# SawStop Bandsaw????



## StatProf (Mar 23, 2009)

I heard rumored that Saw Stop was working on developing a bandsaw. Anyone know anything about this? I didn't see anything on their site. I would like a new bandsaw someday, and would gladly wait for this one. Their table saw is top notch!

Kyle (StatProf)


----------



## maxwell_smart007 (Mar 23, 2009)

It's on their site as a prototype, and there's a demonstration on youtube...

The saw is in development, however, and no where near production, so you've got a few years to wait...in terms of tools that need a 'stopping' mechanism, I don't know that the bandsaw is high on my list....circular saw might be a good one though! 

Andrew


----------



## Russianwolf (Mar 23, 2009)

you have to ask yourself what part they are damaging in a bandsaw to stop it that fast. It's not like a bandsaw has that many moving parts.


----------



## StatProf (Mar 23, 2009)

On the Table Saw, it doesn't cost that much more than a regular high end Powermatic or Unisaw (and I get to keep my fingers when I am stupid)!  I'll gladly pay a little more for safety.

Kyle


----------



## Russianwolf (Mar 23, 2009)

checking Amazon, It looks like the Sawstop is $600 more for the contractor style and $800 more for the Cabinet style than the comparable PMs ($1k and $2.3k respectively, compared to $1.6k and $3.15k). And the Comparable Griz cabinet saw is just over $1k.


----------



## marcruby (Mar 23, 2009)

The local Woodcraft uses a PM2000 in their 'shop' and the did a Sawstop demo a while ago.  I found the quality of the Sawstop was better than the PM2000 (in terms of blade stability, etc.)  and it was actually easier to use and move about when set up right.  That was without considering the emergency stopping, which was amazing.  You do have to pay for new brakes and a blade the way they do it, so you can't blithely run wood through it without checking to make sure it won't trigger accidentally.  But it worked.

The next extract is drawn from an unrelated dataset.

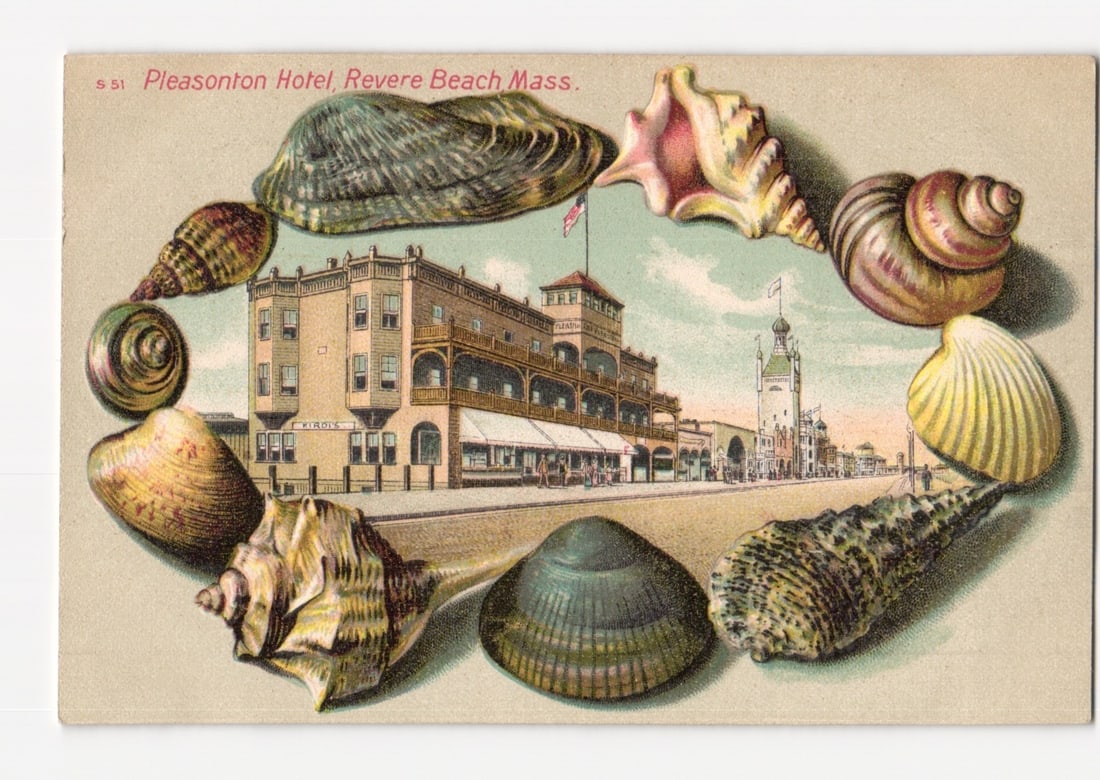 Pleasanton Hotel, Revere Beach Mass. with Seashells Border, Early 1900s Chromolithograph Postcard: The Pleasanton Hotel is centrally depicted in a street view of Revere Beach, Massachusetts. The multi-story hotel features multiple balconies, awnings, and an American flag flying from its roof. The s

Something to consider - the 'comparable Grizzly' weights 200lbs less than the PM or Sawstop...

I imagine the bandsaw works about the same way - you get to pay for new brakes and a blade.  My only issue is that bowl makers often cut wet wood into blanks, so I'm not sure that the stopping might become more of a headache than it's worth.

Marc


----------



## Russianwolf (Mar 23, 2009)

fine, try this one for $1250.
http://www.grizzly.com/products/10-3HP-220V-Cabinet-Table-Saw-with-Riving-Knife/G0690


----------



## TowMater (Mar 23, 2009)

I love these sawstop debates!

Course most TS debates are funny, what it boils down to for me is does the wood really care what TS is being used? Of course I'm just a hobbiest who still has all his fingers so maybe my vote doesn't count.


----------



## marcruby (Mar 23, 2009)

Well, it looks better.  Now will it stop from cutting my finger?

>

Seriously, I don't doubt that the Grizzly is a good table saw.  My Delta is a good saw too.  It's just that the PM2000 was noticably better in smoothness of operation and how clean the cut was.  And the Sawstop is a notch better than that.  It even sounds different.  I don't really consider it critical that the arbor runout is only .001 since after a day of cutting the blade will have it's own wobble.  And wood never holds it's measurements anyway.   But it's nice to know that the saw was built to those specs.

I know I'll be paying a premium for US built and the brake, but that's the way I am.

Marc



Russianwolf said:


> fine, try this one for $1250.
> http://www.grizzly.com/products/10-3HP-220V-Cabinet-Table-Saw-with-Riving-Knife/G0690


----------



## sbell111 (Mar 23, 2009)

I can't imagine how you would either stop a bandsaw blade immediately or quickly move it away from the cutting area.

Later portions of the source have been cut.